11/12/2013. Congrats to Jack/Athma/Roger whose paper on DNase QTLs was chosen as one of the top papers of 2012 in Regulatory and Systems Genomics at the RECOMB/ISCB meeting.

11/1/2013. There's a nice perspective in NRG by Hannah Storey on 4 recent papers--including one by Graham and Bryce--that studied the effects of genetic variation on histone mods.

10/30/2013. Kudos to Shyam for winning the prestigious Charles Epstein Trainee Research Award (postdoc division) for his talk at ASHG on historical inference for African populations. Graham Coop is a previous winner from our lab (in 2007).
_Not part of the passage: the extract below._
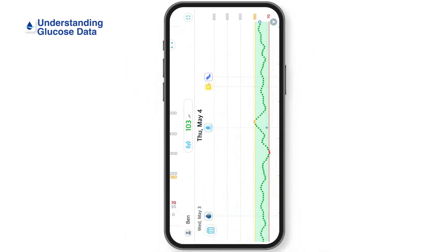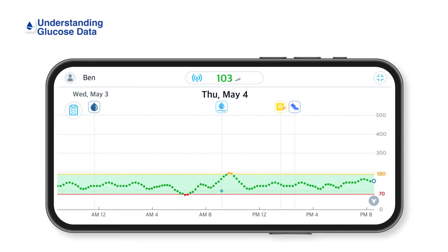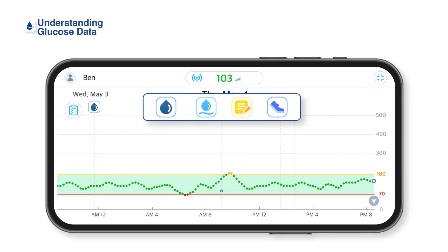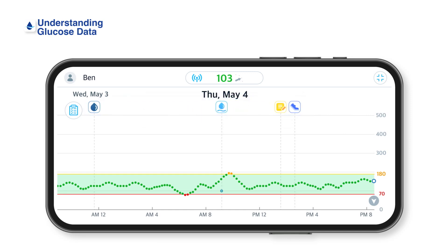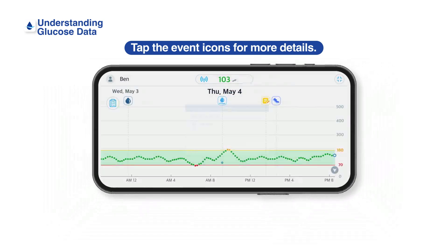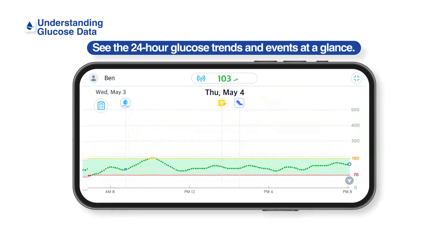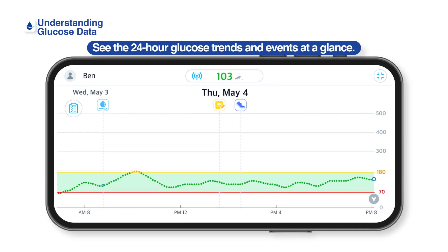Tap the Screen Mode icon on the home screen to see your glucose trend in more detail. In the Horizontal Mode, you can see recorded events along with your glucose trends. Each event is displayed with an icon above the timeline. Tap the Event icon for more details. You can see the 24-hour glucose trends and events. Zoom in with your fingers to see 6- or 12-hour trends.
10/22/2013. Congratulations to lab alum Joe Pickrell who has just accepted a position as one of the first faculty at the New York Genome Center. In addition, Zia Khan is now in transit to his first faculty position--in CS at U. Maryland. Good luck to both!

10/22/2013. Darren's paper on knockdown experiments targeting 59 TFs is out on ArXiv.

10/17/2013. Zia and Graham/Bryce have a pair of papers out in Science today: evolution of protein expression in primates and effects of genetic variation on histone modifications. Congrats to Zia, Graham and Bryce!

10/17/2013. Ben Voight's 2006 paper on selection was highlighted in a nice blog article by Emma Ganley as part of the 10th anniversary celebrations at PLOS Biology.

10/11/2013. Welcome to our first two Stanford rotation students: Ilana Arbisser from the Biology department and Michael Sikora from Genetics!

8/1/2013. We are delighted to be moving to Stanford University. This will be a fantastic academic environment and a great place to live. That said, we will miss our many friends at the University of Chicago, where the lab was based for 12 years.

8/1/2013. Welcome to our newest postdoc Alexis Battle! It's great to have her onboard.

8/1/2013. Welcome to Anil, Stoyan and Xun, who are arriving at Stanford this month. The rest of the lab will follow soon or work from Chicago during the transitional period.

Hello World. The lab moves to Stanford on 8/1/2013, after 12 years at the University of Chicago.